Mataram (globalfmlombok.com) – Inspektorat Kota Mataram akan menelusuri pengangkatan 650 tenaga honorer di perangkat daerah, kecamatan dan kelurahan. Pegawai non aparatur sipil negara (ASN) terancam diputus kontrak apabila tidak disiplin.
Pelaksana tugas (Plt) Inspektur Kota Mataram Hj. Baiq Nelly Kusumawati Makruf menerangkan, auditor pengawas internal pemerintah diperintahkan oleh wali kota untuk menelusuri pengadaan atau pengangkatan 650 tenaga honorer di seluruh perangkat daerah, kecamatan, dan kelurahan. Hasil dari penelusuran akan dijadikan bahan bagi kepala daerah untuk mengambil keputusan. “Iya, kita sedang persiapkan tim untuk turun menelusuri ke OPD, kecamatan, dan kelurahan,” terang Nelly dikonfirmasi pada, Kamis (6/11).

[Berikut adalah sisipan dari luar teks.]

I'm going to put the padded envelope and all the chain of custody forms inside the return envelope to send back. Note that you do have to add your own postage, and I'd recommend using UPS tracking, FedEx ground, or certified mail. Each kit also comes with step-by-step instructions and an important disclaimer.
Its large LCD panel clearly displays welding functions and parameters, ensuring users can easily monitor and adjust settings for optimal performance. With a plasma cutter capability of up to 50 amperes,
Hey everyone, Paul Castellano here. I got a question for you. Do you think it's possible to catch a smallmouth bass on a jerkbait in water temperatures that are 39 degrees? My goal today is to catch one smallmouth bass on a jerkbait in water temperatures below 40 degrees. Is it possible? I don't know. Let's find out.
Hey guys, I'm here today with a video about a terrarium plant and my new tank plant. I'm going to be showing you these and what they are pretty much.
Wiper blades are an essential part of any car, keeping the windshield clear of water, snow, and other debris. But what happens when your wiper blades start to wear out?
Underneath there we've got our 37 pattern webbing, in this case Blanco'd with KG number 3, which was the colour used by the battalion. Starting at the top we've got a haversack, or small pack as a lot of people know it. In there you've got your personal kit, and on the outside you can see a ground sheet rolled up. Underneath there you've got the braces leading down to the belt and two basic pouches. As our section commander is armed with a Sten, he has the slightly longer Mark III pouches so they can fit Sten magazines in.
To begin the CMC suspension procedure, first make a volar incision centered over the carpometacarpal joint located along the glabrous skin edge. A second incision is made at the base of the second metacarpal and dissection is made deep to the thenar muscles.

Status pengangkatan, siapa yang mengangkat, gaji, serta dokumen kontrak mereka menjadi bagian yang ditelusuri. Nelly membutuhkan waktu selama 15 hari kerja untuk menelusuri kemudian menyerahkan hasilnya ke kepala daerah. “Seluruh irban akan saya libatkan untuk turun ke lapangan,” ujarnya.
Mantan Kepala Badan Kepegawaian dan Pengembangan Sumber Daya Manusia menambahkan, tingkat kedisiplinan serta kinerja yang baik menjadi indikator penilaian. Tenaga honorer terancam diputus kontrak apabila malas bekerja. “Kita lihat dari itu semua nanti. Selain dari sisi administrasinya,” pungkasnya.

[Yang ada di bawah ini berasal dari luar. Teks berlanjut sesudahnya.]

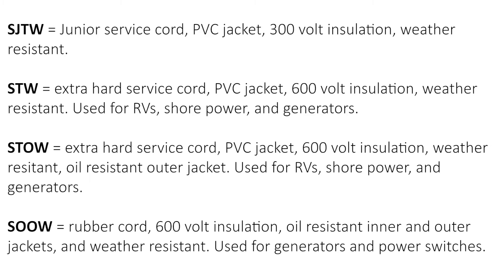STW is typically used with RVs, shore power, and generators. STOW is an extra hard service cord with a PVC jacket, 600 volt insulation, weather resistant, and an added outer jacket for oil resistance.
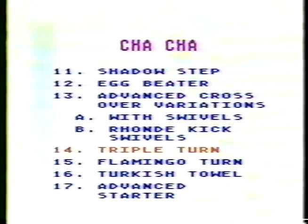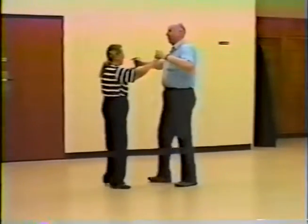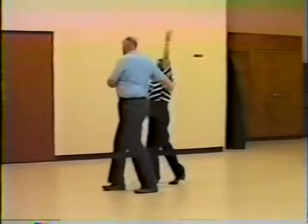Let's start with a starter step, one progressive, then into peek-a-boo — do one peek-a-boo and stop. Ready? And one, two, three, side together, side, two, three, cha-cha-cha, two, three, now step back, apart, return, loop her under, stop.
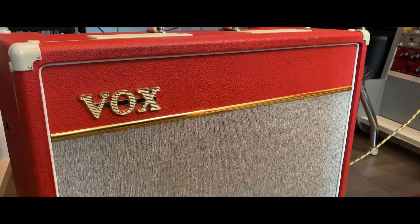Both amps have been meticulously profiled to capture the full range of sounds and nuances.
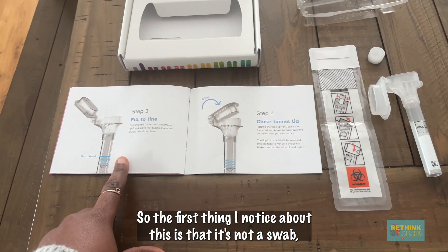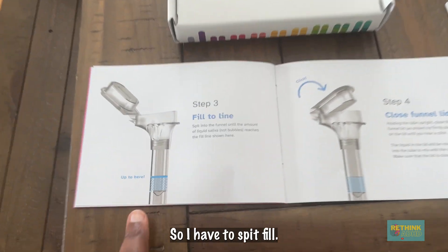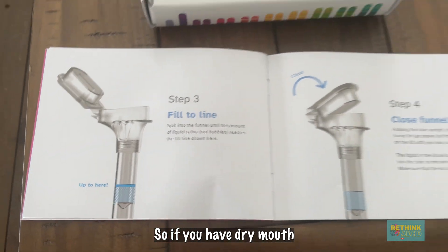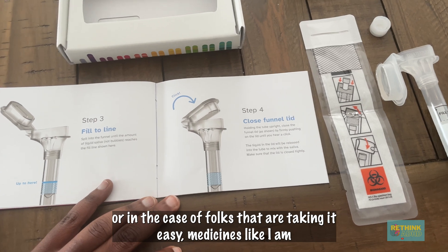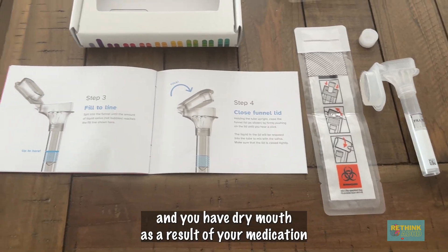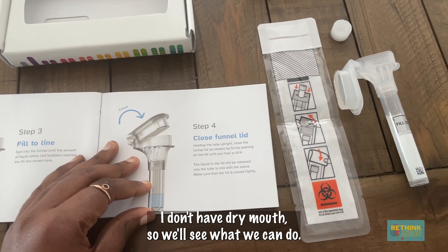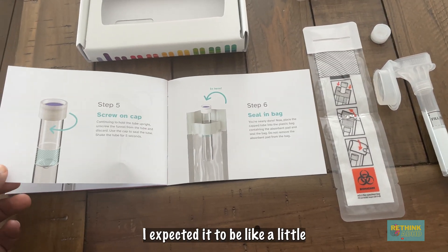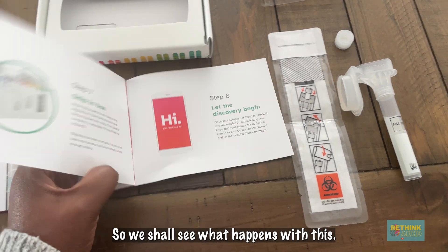The first thing I noticed about this is that it's not a swab — it's a spit test. I had to fill this thing up to here with spit. So if you have dry mouth, or in the case of folks that are taking ADHD medicines like I am, and you have dry mouth as a result of your medication, that might be a little bit of a challenge. I don't have dry mouth, so we'll see. But I expected this to be a swab — like a little Q-tip looking thing.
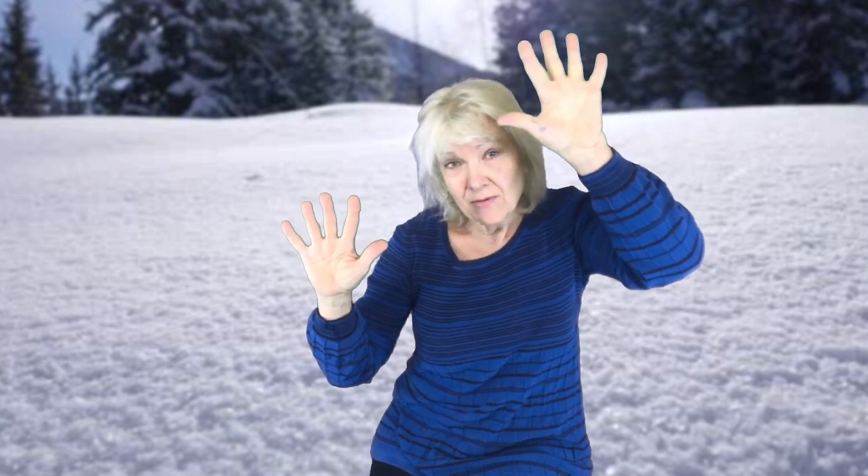I'd like everyone to hold up one hand — each finger we're gonna pretend is one snowman. So we have one, two, three, four, five snowmen! And with the other hand, we're gonna pretend it's the Sun that's gonna come out and shine down on the snowmen and melt them. That's okay, they'll come back another day. So are you ready?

Wali Kota Mataram Dr. H. Mohan Roliskana sebelumnya mengatakan, Inspektorat diminta melakukan audit terhadap pengadaan tenaga honorer di perangkat daerah, kecamatan, dan kelurahan. Hasil audit akan dijadikan bahan kajian untuk mengambil keputusan. Kebijakan ini menindaklanjuti imbauan dari Badan Kepegawaian Negara untuk memutus kontrak tenaga honorer di kabupaten/kota maupun provinsi. “Saya minta Inspektorat untuk turun dulu mengecek ke perangkat daerah sampai kelurahan,” katanya
Dari sisi kemampuan anggaran kata Mohan, Pemkot Mataram masih mampu membayar gaji 650 tenaga honorer tersebut. Akan tetapi, perlu dikroscek proses, siapa yang mengangkat, serta gaji yang diterima. Wali Kota ingin mengantisipasi jangan sampai honorer telah berhenti, tetapi gaji mereka tetap dibayarkan dan lain sebagainya. (cem)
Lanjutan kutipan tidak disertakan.